Wednesday, November 30, 2011

Google, Finn and Twain

 

When logging on to Google today, the above image appeared at the Google home page.  Google changes its logo periodically to reflect current events and anniversaries.  Placing the cursor over the image reveals the significance of the logo, in this case Mark Twain’s 176th birthday.

Some trivia:

Mark Twain;s boyhood home in Hannibal, Missouri, is now a Mark Twain museum.  Tom Sawyer's legendary boyhood fence borders the property:


 
First edition book cover, 1885
Unlike Twain’s previous work, The Adventures of Tom Sawyer, Adventures of Huckleberry Finn does not have the “The” at the beginning of the title.  This has led to speculation that whilst Tom Sawyer’s adventures were complete, further books were to come about Huckleberry Finn.  Huck’s book ends with his stating that he intends to head West.



The manuscript of Huckleberry Finn was the  first typewritten manuscript delivered to a printer.
 

While there is no doubt that Twain was attacking racism in his humanising of the character of the slave Jim, by exposing the fallacies of the racist assumptions used to justify racism at the time, and in Huck’s standing by Jim no matter what the consequence, there have been arguments that Twain fell short of the mark (no pun intended).  It is argued that the depiction of Jim continues the stereotyped image of the time and that the minstrel style comedy is at Jim’s expense. 
 

In 1955 CBS presented a televised version of the book.  To avoid the controversial racist tactics it simply changed some details:  there was no mention of slavery and Jim was played by a white boy.
 

The debate continues as to whether the book is racist or anti-racist.  That, plus the continued use of the word “nigger”, have caused libraries to remove the book from its shelves and school boards to remove it from study curricula.
  
A 2011 edition of the book has replaced the word “nigger” with “slave” so as to keep it available for study and general reading.  The book also drops the word “Injun”. 

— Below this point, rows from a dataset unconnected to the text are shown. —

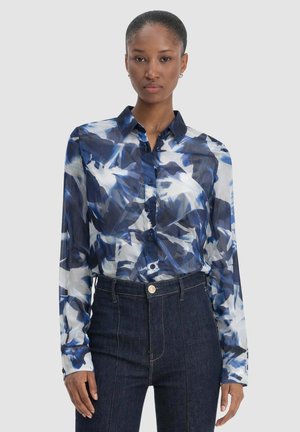 Donna che indossa una camicia aderente a maniche lunghe con bottoni, con motivi astratti blu e bianchi, e jeans in denim scuro a vita alta.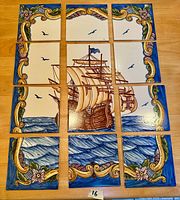 Top-down photo showing all 12 hand-painted ceramic tiles arranged in a 3x4 grid to display the full mural of a tall sailing ship at sea with decorative floral and scroll border.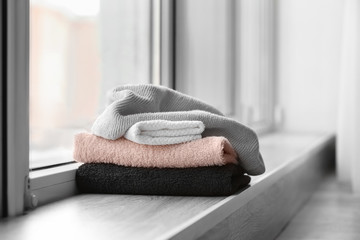 Clean towels on windowsill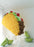 Large balloon taco sculpture with layered fillings and lime slice props on floor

Twain was born Samuel Langhorne Clemens bu adopted the name Mark Twain for his writing career.  The name comes from the days of his being a paddle steamer pilot.  When depth soundings were taken by dropping a weight attached to a rope into the water, the person checking the depth, the river boatman, called out various reports according to the depth.  These, with their meanings indicated, included the following:
Mark One:  one fathom, approximately 2 metres, above the lead weight.
Quarter One:  2.5 metres above the weight
Half One: 3 metres above the weight
Mark Twain:  two fathoms, approximately 4 metres, above the weight.
The call "Mark Twain” represented safe water.
Mark Twain, aged 15
Aged 72 in 1907
 

Twain said in 1909:
"I came in with Halley’s Comet in 1835. It is coming again next year, and I expect to go out with it. It will be the greatest disappointment of my life if I don't go out with Halley's Comet. The Almighty has said, no doubt: 'Now here are these two unaccountable freaks; they came in together, they must go out together.' "
He died of  heart attack on 21 April 1910, the day after Halley’s Comet passed closest to the Earth in its 75-76 year cycle.
 
"All modern American literature comes from one book by Mark Twain called, Adventures of Huckleberry Finn."
-     Ernest Hemingway
 
Bonus item:
Larry Page and Sergey Brin, who developed Google,  originally nicknamed their new search engine "BackRub", because the system checked backlinks to estimate the importance of a site.  Whereas conventional search engines ranked results by counting how many times the search terms appeared on the page, the Page and Brinn’s concept analysed the relationships between websites.  Eventually, they changed the name to Google, originating from a misspelling of the word “googol”, being the number one followed by one hundred zeros. This was picked to signify that the search engine provided large quantities of information for people. 

The word has become so well known that it is now a verb, to google meaning to search for information on the internet.